Figure 30-3. A robust requirements method
Concept. Given the complexity of the application itself and the likelihood that few, if any, features can actually be implemented and released before a significant amount of architectural underpinnings are developed and implemented, we add a range of concept validation techniques, storyboards, prototypes , architectural models, and the like. Each will bring us closer to our goal of understanding the intended behavior of the system we are about to build.
Vision. In order to assure understanding among a large number of stakeholders, developers, and testers, the vision, both short-term and long- term , must be documented. It must be sufficiently long-range for the architects and designers to design and implement the right architecture to support current and future features and use cases. The whole product plan should be extended to describe potential variations in purchase configurations and likely customer deployment options. The plan should also define supported revision levels of compatible applications.

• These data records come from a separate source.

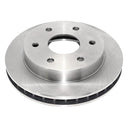 DuraGo BR5569 Disc Brake Rotor - Front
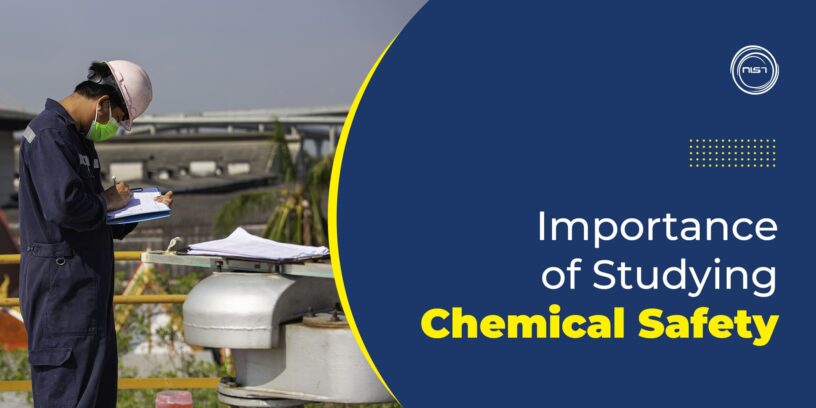 Why is Safety Important in Chemical Industry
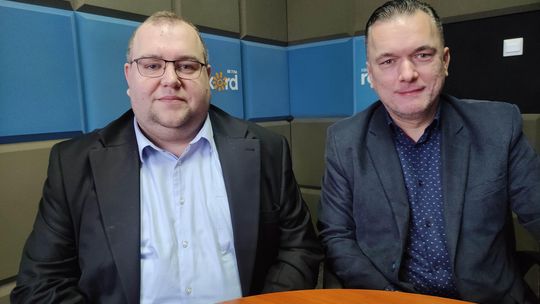 Piotr Pszczółkowski: Jaki był 2025 rok? Był mega!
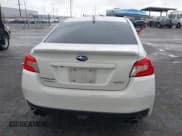 ✅ 2017 Subaru WRX Limited • VIN: JF1VA1J6XH8811741 • Lot: 42184750. Listed on IAAI with 121,239 mi. Free auction sales archive from the USA and detailed vehicle history report at DreamBid. Image 16.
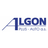 logo ALGON PLUS - AUTO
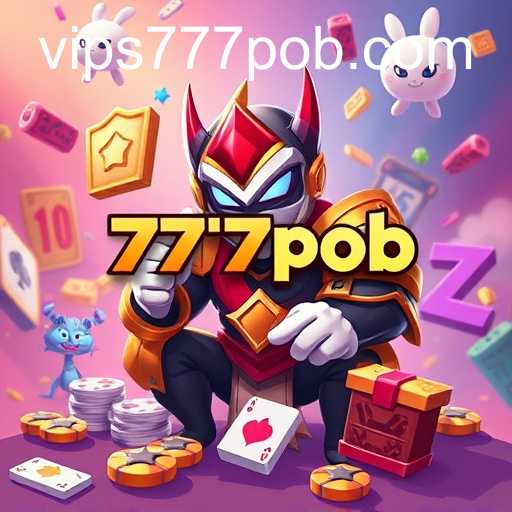 The Rise of 777pob: A New Era for Online Gaming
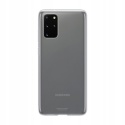 Etui Samasung Galaxy S20+/S20+ 5G bezbarwny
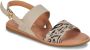 Clarks Sandalen KARSEA STRAP - Thumbnail 2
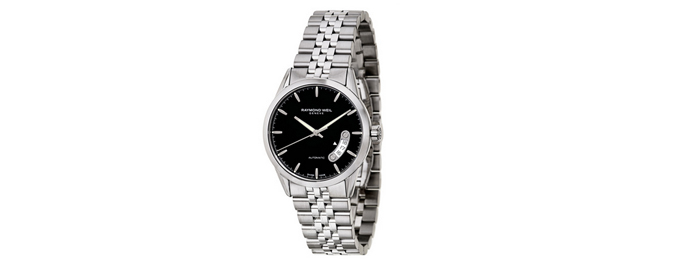 Raymond Weil FREELANCER 蕾蒙威 自动机械男表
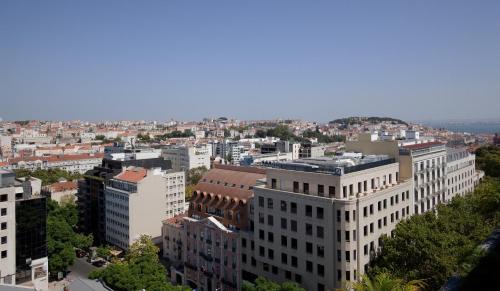 Santo Antonio Apartment | Altis Suites Apartamentos Turísticos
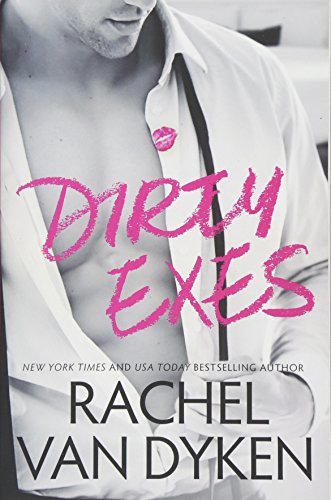 cover image Dirty Exes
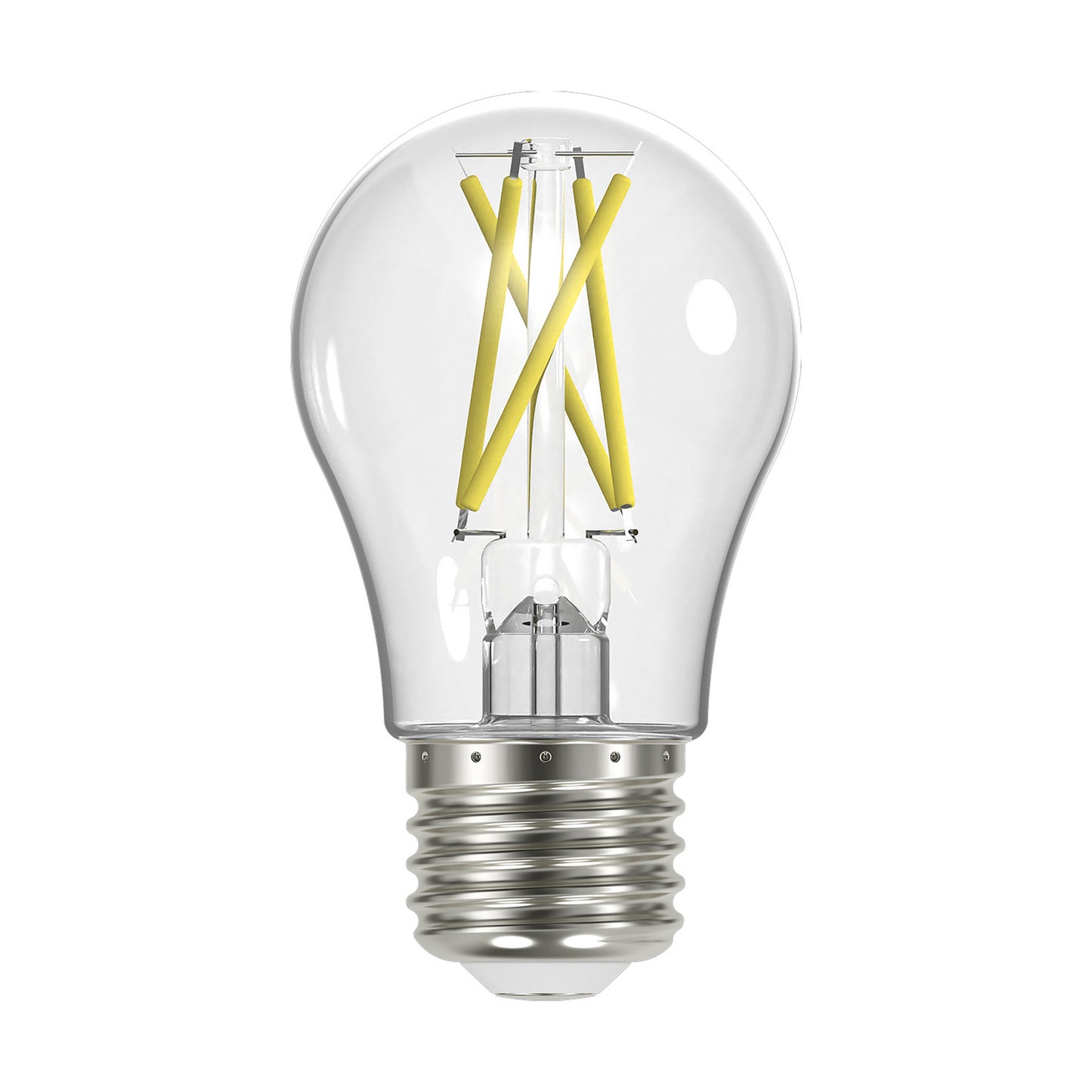 (4-Pack) Light Bulb in Clear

Requirements. The use cases are elaborated as necessary so that prospective users can validate the implementation concepts. This ensures that all critical requirements will be implemented in a way that helps assure their utility and fitness. Because some elements of the application are critical, all alternative sequences of events are discussed and described. Pre- and post-conditions are specified as clearly and unambiguously as possible. Additional, technical specification methods (analysis models, activity diagrams, message sequence diagrams) are used to describe more clearly how the system does what it does and when it does it.

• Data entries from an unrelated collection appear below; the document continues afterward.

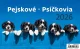 Kalendár Psíčkovia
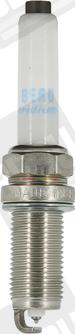 BERU Z367 - Свічка запалювання autozip.com.ua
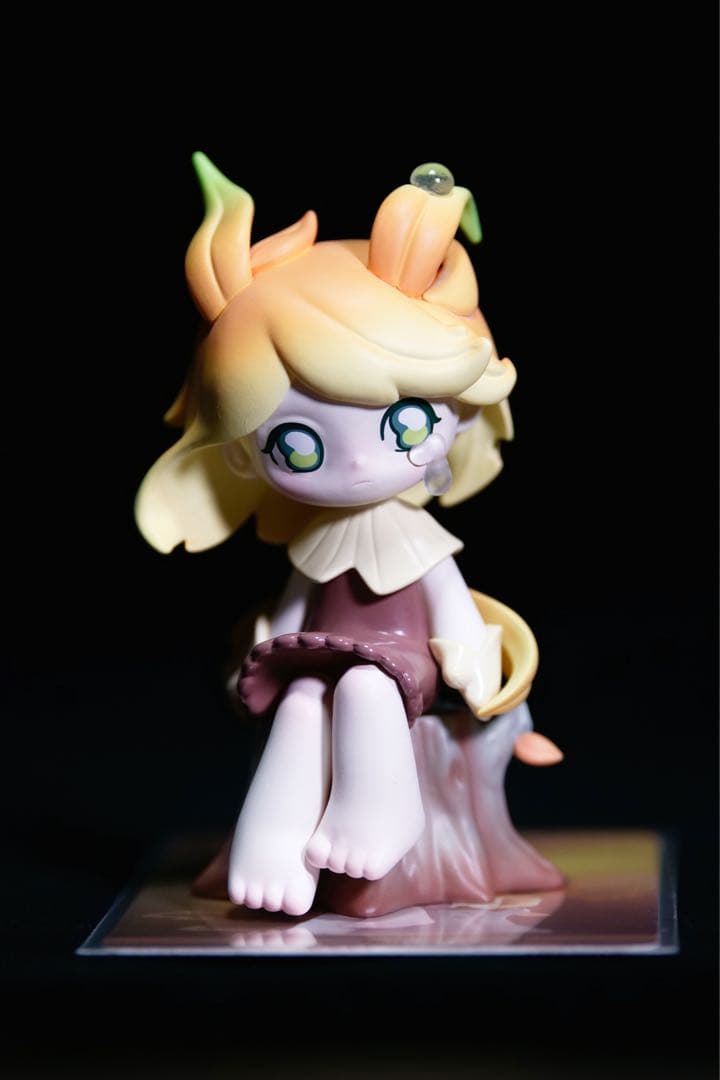 POPMART AZURA ファンタジー ネイチャー シリーズ12種セット+限定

Supplementary Specification/Nonfunctional Requirements. The supplementary specification is as complete as possible. All platforms; application compatibility issues; applicable standards; branding and copyright requirements; and performance, usability, reliability, and supporting requirements are defined.
Tooling. Larger, more distributed teams require industrial-strength software tooling. Analysis and design tools further specific system behavior, both internal and external. Multisite configuration management systems are employed. Requirements tools both support requirements traceability from features through use cases and into test cases and track changes and change history. The defect tracking system extends to support users, including customers, from any location.

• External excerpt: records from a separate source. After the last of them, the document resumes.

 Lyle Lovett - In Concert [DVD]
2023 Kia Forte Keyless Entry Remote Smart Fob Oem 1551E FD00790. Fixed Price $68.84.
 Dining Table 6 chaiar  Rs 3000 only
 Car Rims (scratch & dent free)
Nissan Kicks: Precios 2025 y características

Project Control. Larger projects require higher levels of project support and control. Requirements dashboards are built so that teams can monitor and synchronize interdependent use-case implementations . A change control board is created to weigh and decide on possible requirements additions and defect fixes. Requirements analysis and impact assessment activities are performed to help understand the impact of proposed changes and additions.
Taken together, these techniques and activities in our robust requirements method help assure that this new system ”in which many tens or hundreds of person-years have been invested and which will touch the lives of thousands of users across the globe ”is accurate, reliable, safe, and well suited for its intended purpose.